**Task objective:** In your copy, reproduce each entry exactly and leave out the pictures.

(Beginning of Provided material)

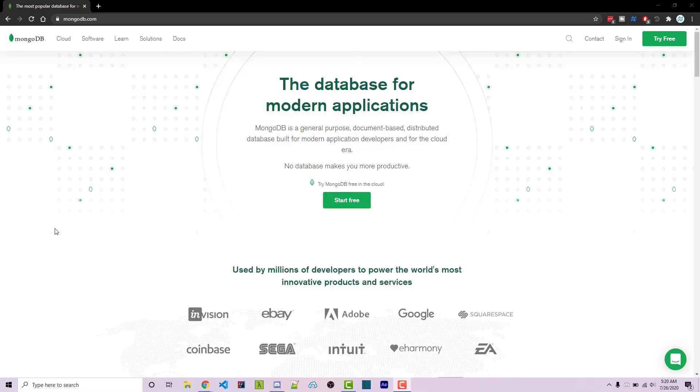Thanks for watching this MongoDB tutorial. If you need help or have a video request, feel free to leave a comment down below or ask in the Wornoff Keys Discord, which will be linked in the video description. If you want to learn more about MongoDB, you can consider clicking on one of the videos you see on your screen now.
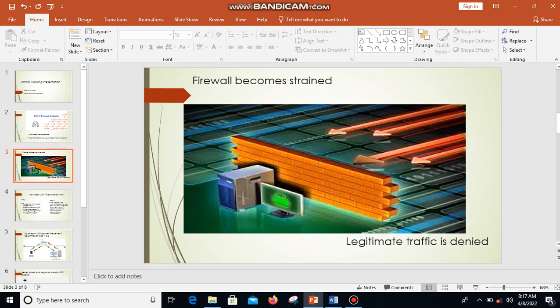The firewall will become strained or overwhelmed with the large number of packets that are sent to it, and it will then deny legitimate traffic or normal traffic, causing a denial of service attack.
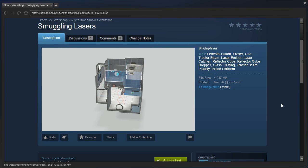Hey guys, I'm LB, and let's check out Smuggling Lasers by Guy I Don't Know. I think this one was posted to Reddit, and that's how I found it.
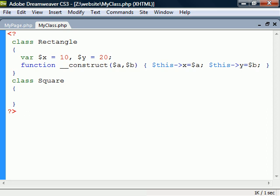Inheritance enables a class to reuse code from another class. In this example, we'll make the Square class inherit from Rectangle using the extends keyword.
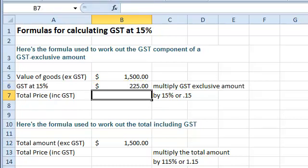To find the total including GST, simply add the two values together.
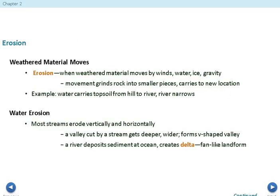We also see erosion — this is when weathered material moves by wind, water, ice, and gravity. The movement grinds rocks into smaller pieces and carries them to new locations. You can see wind beating up against rocks, wind picking up sand and throwing it against rocks, and water continually pounding away on rocks — all of these things can be erosion.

(End of Provided material)

**Answer section:**
Thanks for watching this MongoDB tutorial. If you need help or have a video request, feel free to leave a comment down below or ask in the Wornoff Keys Discord, which will be linked in the video description. If you want to learn more about MongoDB, you can consider clicking on one of the videos you see on your screen now.
The firewall will become strained or overwhelmed with the large number of packets that are sent to it, and it will then deny legitimate traffic or normal traffic, causing a denial of service attack.
Hey guys, I'm LB, and let's check out Smuggling Lasers by Guy I Don't Know. I think this one was posted to Reddit, and that's how I found it.
Inheritance enables a class to reuse code from another class. In this example, we'll make the Square class inherit from Rectangle using the extends keyword.
To find the total including GST, simply add the two values together.
We also see erosion — this is when weathered material moves by wind, water, ice, and gravity. The movement grinds rocks into smaller pieces and carries them to new locations. You can see wind beating up against rocks, wind picking up sand and throwing it against rocks, and water continually pounding away on rocks — all of these things can be erosion.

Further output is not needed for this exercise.